The principal and School Council of the John Glenn Middle School recommended restoring quarterly student recognition through an academic honor roll plus a pilot “tenacity list” to applaud effort and improvement.

Principal Jonathan Hartunian presented the proposal, and the process that led to the new approach, at last week’s meeting of the Bedford School Committee. The committee is expected to decide on whether to implement the plan at its June 10 session.

The two lists represent “different pathways to be recognized,” Hartunian explained, adding that students could be eligible for both. 

“We have a responsibility to design a system that would be accessible and serve as a motivator,” he said.

Based on response to polling, the scholastic threshold for the honor roll would be 90 in every subject. Some School Committee members thought a 90 average would accomplish the same goal.

The criteria for the new honor would be a minimum of a one-point improvement in one subject while maintaining grades in all the others, with a minimum grade-point average of 70. 

Hartunian, who began his administration in the summer of 2021, related that the JGMS honor roll was discontinued in 2020. After receiving requests last fall to restore the practice, “We wanted to have a deeper conversation about its purpose – and whether we can achieve a similar purpose in other ways.”

The principal assembled a task force that included representatives of the School Council, Parents Association, teachers, and students, as well as himself.
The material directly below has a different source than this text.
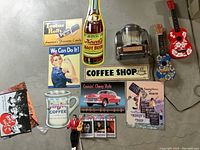 Top view of assorted 1950s themed metal signs, a mini jukebox model, two toy guitars, and Elvis dolls with TV guides scattered on the floor.
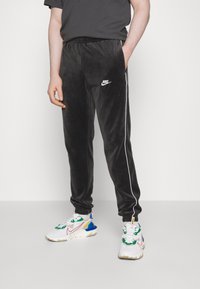 Svarta velour joggers med vita sidosträck och en liten Nike-logotyp. Matchat med färgglada Nike-sneakers med olika mönster.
The group launched a survey of parents and students in the fall of 2022, followed by deliberations, to develop student recognition criteria. 

Hartunian said two-thirds of students and parents responded to an initial survey, and the results were in support of restoring the honor roll: 58 percent of students and 67 percent of parents. The percentages opposed were low; more were neutral.

More specifically, the survey asked what represents student achievement that warrants recognition. More than half of students approved of the original minimum: at least a B minus in every subject. 

That means in the winter of 2022, 71 percent of students in the school would have qualified for the honor roll, said Hartunian. “If so, many people are on the honor roll, we can clearly identify the 29 percent who are not,” he said, adding that to some, the honor may seem more like “a participation trophy.

“It was agreed we should honor not just academic achievement, but significant academic achievement,” the principal said, with the baseline at a grade point no lower than 90. But he added that in their survey comments, “many students mentioned effort, hard work, trying hard. We concluded, as educators, that we have a responsibility to recognize growth and improvement students show.”

After a member commented that a grade below 90 in a minor subject could preclude honor roll recognition, Hartunian said, “Every class is important. That’s a big deal to the teachers. Every subject that is taught is critical to our students’ success. The bar should be set high.”